- **Problem**
In the listing below, the lines starting with the line with "Κάτι σταθερό - Εικόνα 2" and going on through the line with "Reception Activities, Traditional" are to be reproduced exactly, and only those.

- **Provided material**
Start of Block
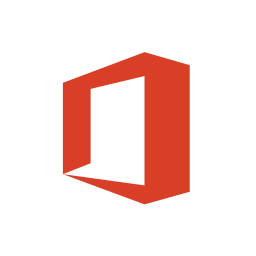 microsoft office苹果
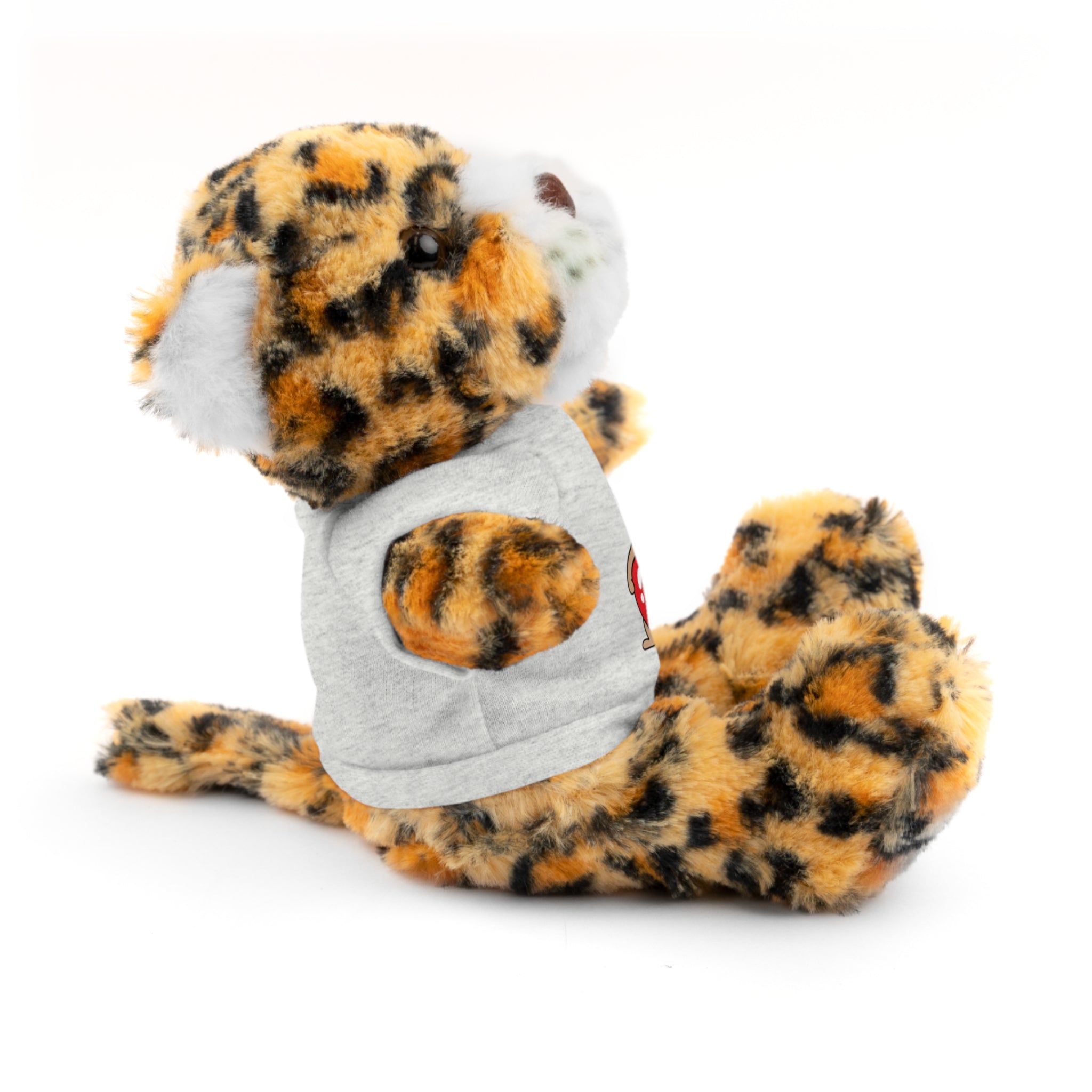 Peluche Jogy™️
End of Block
Start of Block
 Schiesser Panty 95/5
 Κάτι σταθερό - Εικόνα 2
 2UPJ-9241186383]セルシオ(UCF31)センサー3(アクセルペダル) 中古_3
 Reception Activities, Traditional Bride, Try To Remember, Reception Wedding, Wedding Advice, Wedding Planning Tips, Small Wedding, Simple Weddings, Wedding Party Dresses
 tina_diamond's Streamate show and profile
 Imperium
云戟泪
End of Block
- **Output of the exercise**
 Κάτι σταθερό - Εικόνα 2
 2UPJ-9241186383]セルシオ(UCF31)センサー3(アクセルペダル) 中古_3
 Reception Activities, Traditional Bride, Try To Remember, Reception Wedding, Wedding Advice, Wedding Planning Tips, Small Wedding, Simple Weddings, Wedding Party Dresses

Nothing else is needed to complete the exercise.